Sabine Lubbe Bakker und Niels van Koevorden, deren Film „Ne me quitte pas“2014 beim LuxFilmFest den Preis des besten Dokumentarfilms gewonnen hat, zeigen diesmal im Hauptwettbewerb eine sehr intimistische Fiktion. „Becoming Mona“bringt die Geschichte einer Frau auf die Leinwand, die sich ihr ganzes Leben lang den Anordnungen und dem Ego ihrer Lieben unterworfen hat – eine Opferlogik, aus der sie zu entkommen versuchen wird.
Weiter in den Nahen Osten: Im August 1978 haben im Iran vier Männer bei einem Brandanschlag auf das Kino Rex der Stadt Abadan mehr als 400 Menschen getötet. Dies war der Beginn der iranischen Revolution, die zum Sturz des Schah-Regimes geführt hat. 40 Jahre später hat Shahram Mokri, einer der derzeit prominentesten Filmemacher im Iran, mit „Careless Crime“einen Spielfilm über den Brandanschlag gedreht.
Erst vor wenigen Wochen wurde „Quo Vadis, Aida?“von Jasmila Zbanic mit dem Publikumspreis beim Festival in Rotterdam ausgezeichnet, nun geht dieser Film auch in Luxemburg ins Rennen. Erinnert wird an das Schrecken von Srebrenica, das sich 1995 direkt vor unserer Haustür abgespielt hat, aber auch an unsere damalige Machtlosigkeit, unser Desinteresse. Dieser bosnische Film, ein Frauenporträt, ist die Geschichte einer Übersetzerin, die während des Bosnienkrieges für die Rettung ihrer Angehörigen kämpft, aber im Kriegsspiel der Männer gefangen ist.
Derzeit macht „The Whaler Boy“des russischen Regisseurs Philipp Yuryev auf vielen Festivals Furore, und das liegt vor allem an der Originalität des Drehbuchs.
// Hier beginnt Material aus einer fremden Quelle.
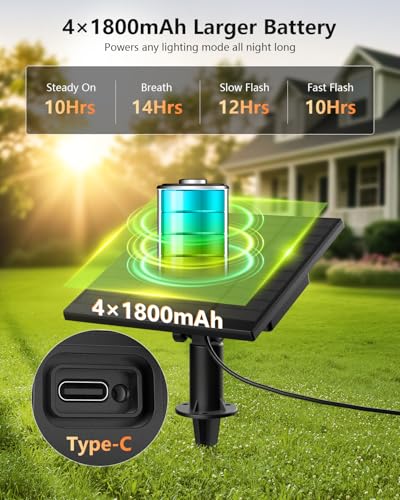 Brightown 202FT Solar String Lights Outdoor Waterproof with Remote, 65+2 LED Shatterproof Bulbs, Dimmable & Timable, 3 Light Modes - Commercial Grade Patio Lights for Garden Backyard Party Decor - size: 202FT(65 Sockets)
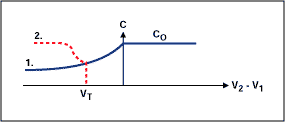 Figure 3. Variation of a capacitor with applied voltage.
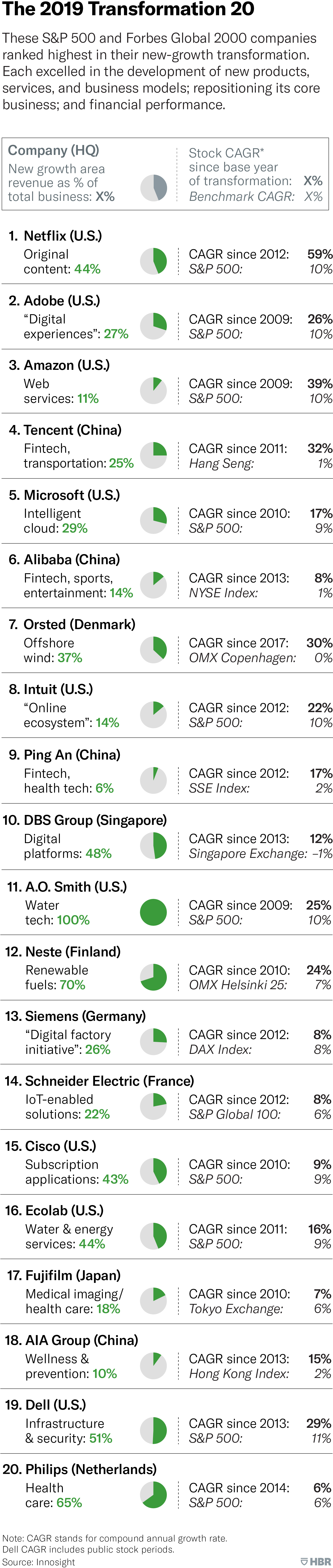 Source: HBR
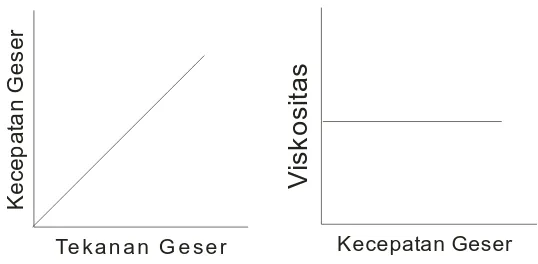 Gambar 2.2 Kurva Sistem Aliran Newton (Martin et al., 1993) 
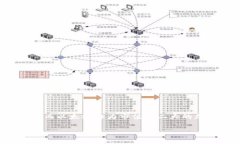 在这篇文章中，我们将详细探讨如何通过Tokenim平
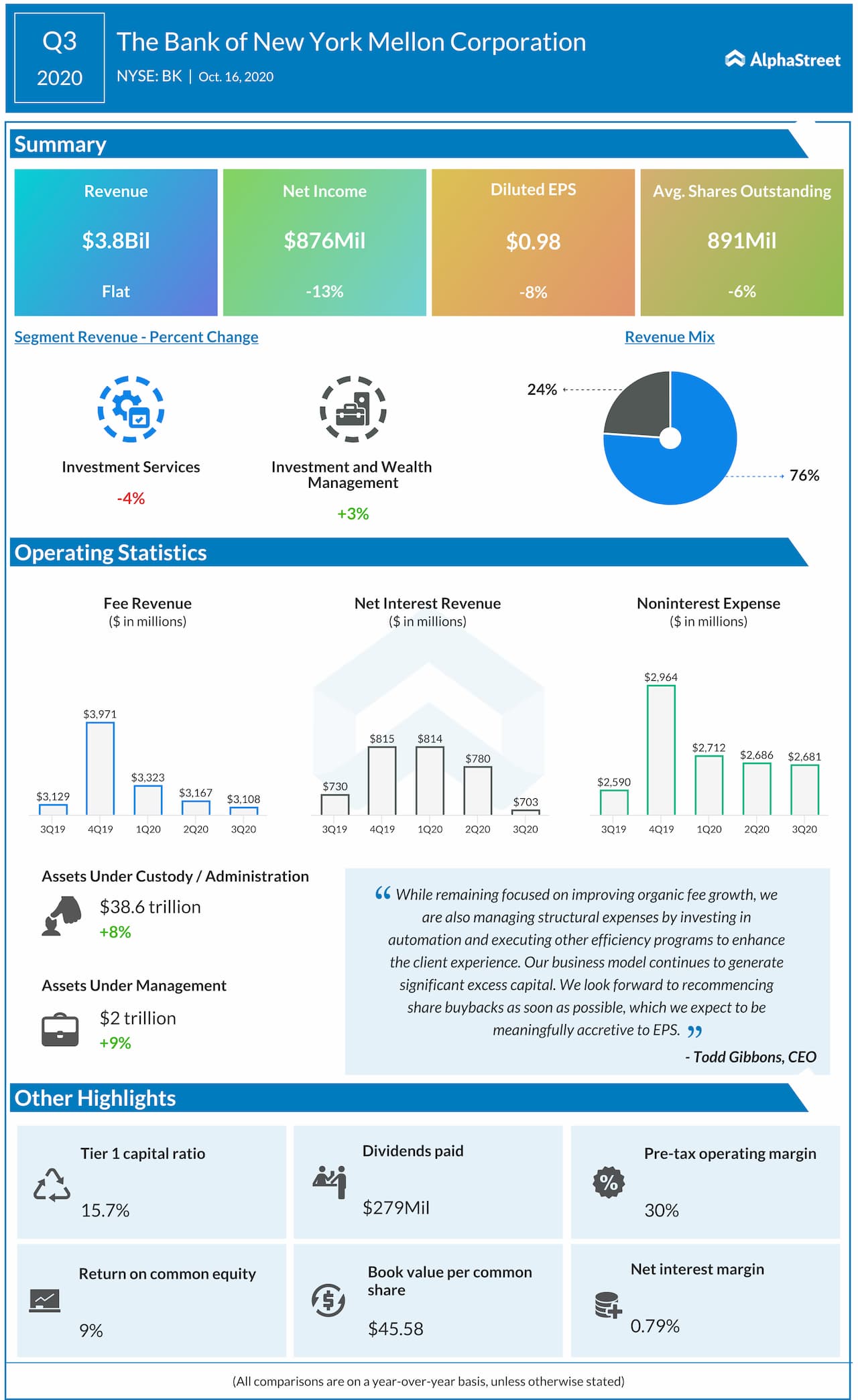 Bank of New York Mellon reports Q3 2020 earnings results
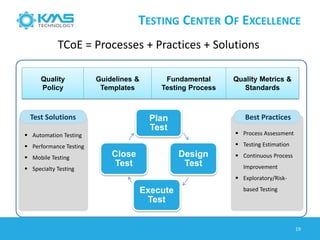 TESTING CENTER OF EXCELLENCE
Test Solutions
 Automation Testing
 Performance Testing
 Mobile Testing
 Specialty Testing
Best Practices
 Process Assessment
 Testing Estimation
 Continuous Process
Improvement
 Exploratory/Risk-
based Testing
Quality
Policy
Guidelines &
Templates
Fundamental
Testing Process
Quality Metrics &
Standards
Plan
Test
Design
Test
Execute
Test
Close
Test
19
TCoE = Processes + Practices + Solutions
 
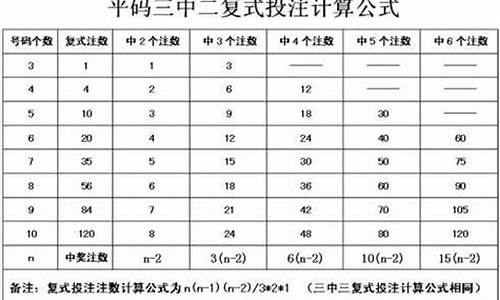 澳门三中三计算公式图片(澳门三中三怎么算)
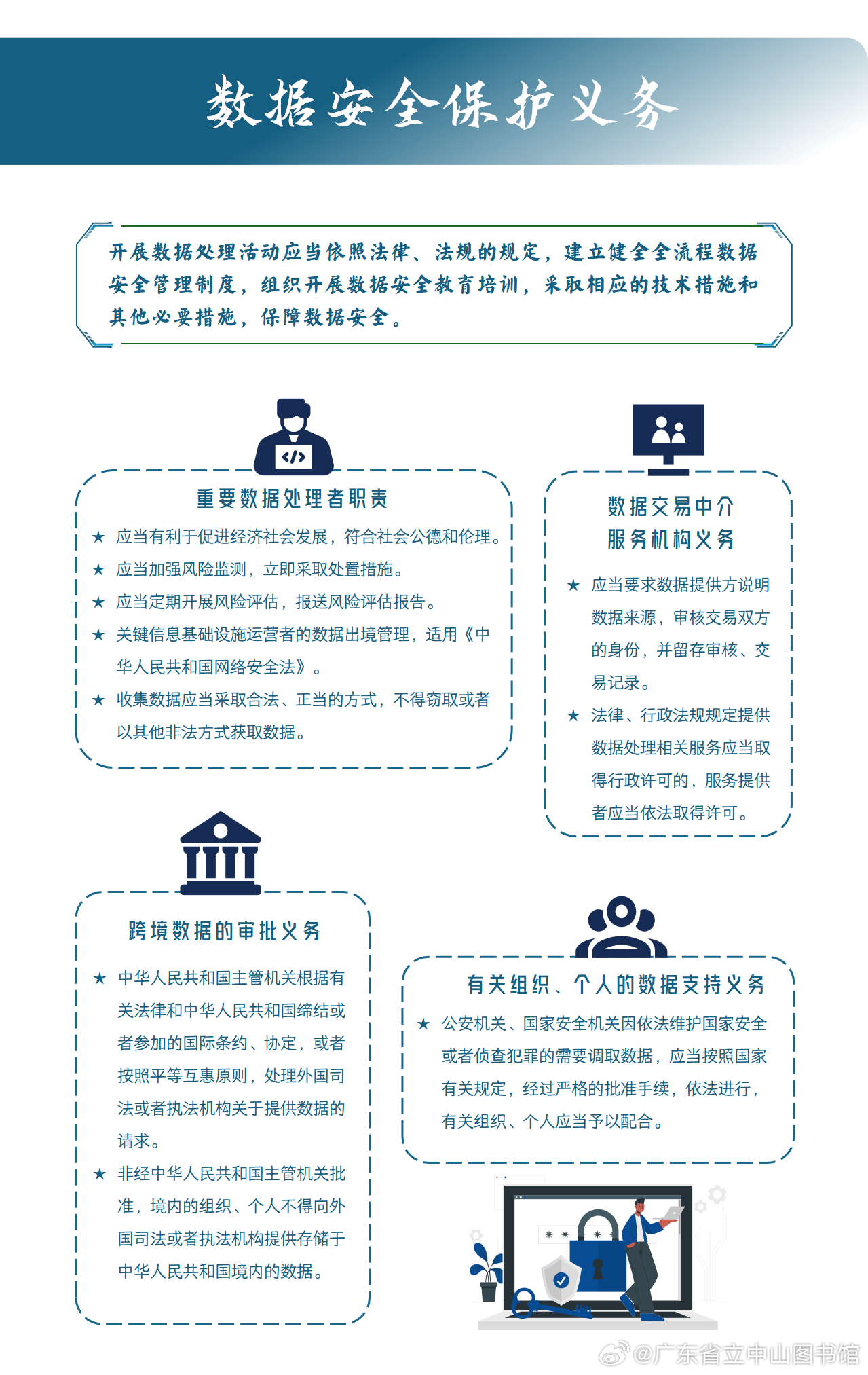 网络安全最新法律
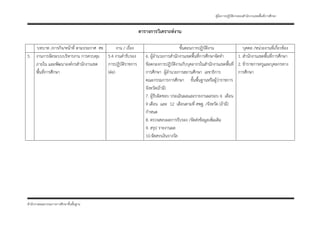 คู่มือการปฏิบัติงานของสํานักงานเขตพื้นที่การศึกษา


                                                           ตารางการวิเคราะห์งาน

   บทบาท /ภารกิจ/หน้าที่ ตามประกาศ ศธ       งาน / เรื่อง                           ขั้นตอนการปฏิบัติงาน              บุคคล /หน่วยงานที่เกี่ยวข้อง
5. งานการจัดระบบบริหารงาน การควบคุม 5.4 งานคํารับรอง          6. ผู้อํานวยการสํานักงานเขตพื้นที่การศึกษาจัดทํา    1. สํานักงานเขตพื้นที่การศึกษา
   ภายใน และพัฒนาองค์กรสํานักงานเขต   การปฏิบัติราชการ        ข้อตกลงการปฏิบัติงานกับบุคลากรในสํานักงานเขตพื้นที่ 2. ข้าราชการครูและบุคลกรทาง
   พื้นที่การศึกษา                    (ต่อ)                   การศึกษา ผู้อํานวยการสถานศึกษา เลขาธิการ            การศึกษา
                                                              คณะกรรมการการศึกษา ขั้นพื้นฐานหรือผู้ว่าราชการ
                                                              จังหวัด(ถ้ามี)
                                                              7. ผู้รับผิดชอบ ประเมินผลและรายงานผลรอบ 6 เดือน
                                                              9 เดือน และ 12 เดือนตามที่ สพฐ. /จังหวัด (ถ้ามี)
                                                              กําหนด
                                                              8. ตรวจสอบผลการรับรอง /จัดส่งข้อมูลเพิ่มเติม
                                                              9. สรุป รายงานผล
                                                              10.จัดสรรเงินรางวัล




สํานักงานคณะกรรมการการศึกษาขั้นพืนฐาน
                                 ้
 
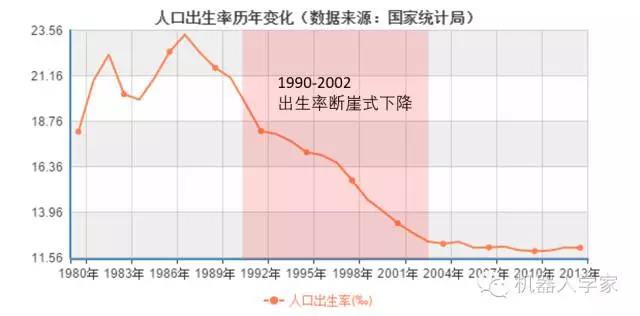 5-10年內智能工業機器人將幫助中國直面人口危機 5-10年內智能工業機器人將幫助中國直面人口危機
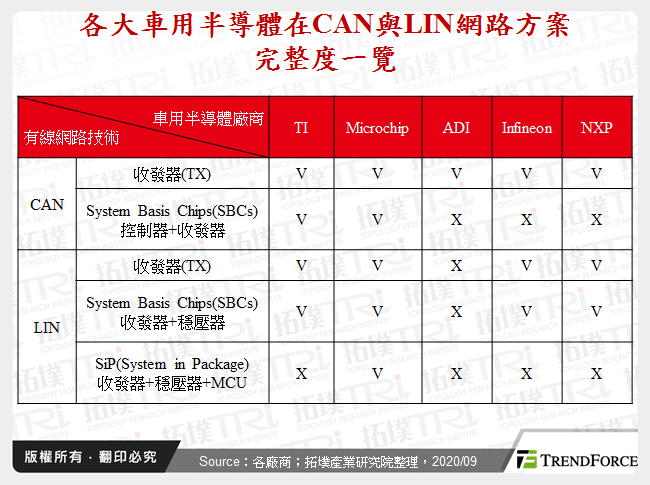 各大車用半導體在CAN與LIN網路方案完整度一覽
Ein junger Fischer am Ende der Welt verliebt sich in ein „Camgirl“, und in der Überzeugung, dass beide ein Schicksal verbindet, plant er ein Treffen mit ihr.
Aus Mexiko kommt ein letzter Wettbewerbsfilm, „The Wolves“von Samuel Kishi Leopo, eine bewegende und sehr zeitgemäße Familiengeschichte, in der sich zwei Kinder mit ihrer Umwelt auseinandersetzen müssen, nachdem ihre Mutter illegal mit ihnen in die USA eingewandert ist.
Barrieren zwischen Fiktion Doku fallen zunehmend.
Und was sonst noch?
Das Festival 2021 hat noch so manches zu bieten, unter anderem die „Cartes blanches“, die Vorführungen von Filmen mit anschließender Diskussion, die „Shorts Night“mit Luxemburger Kurzfilmen, die Luxembourg Music Video Night, die „Industry Days“, der Pavillon Réalité Virtuelle in Neimënster, wobei dort diesmal auch „VR to go“stattfindet – die Head-Sets können ausgeliehen werden. Die Webseite des Filmfestivals enthält eine Fülle an Informationen , und auch das Headquarter der Veranstalter im Casino in der Oberstadt informiert den Festivalbesucher wie gewohnt bestens.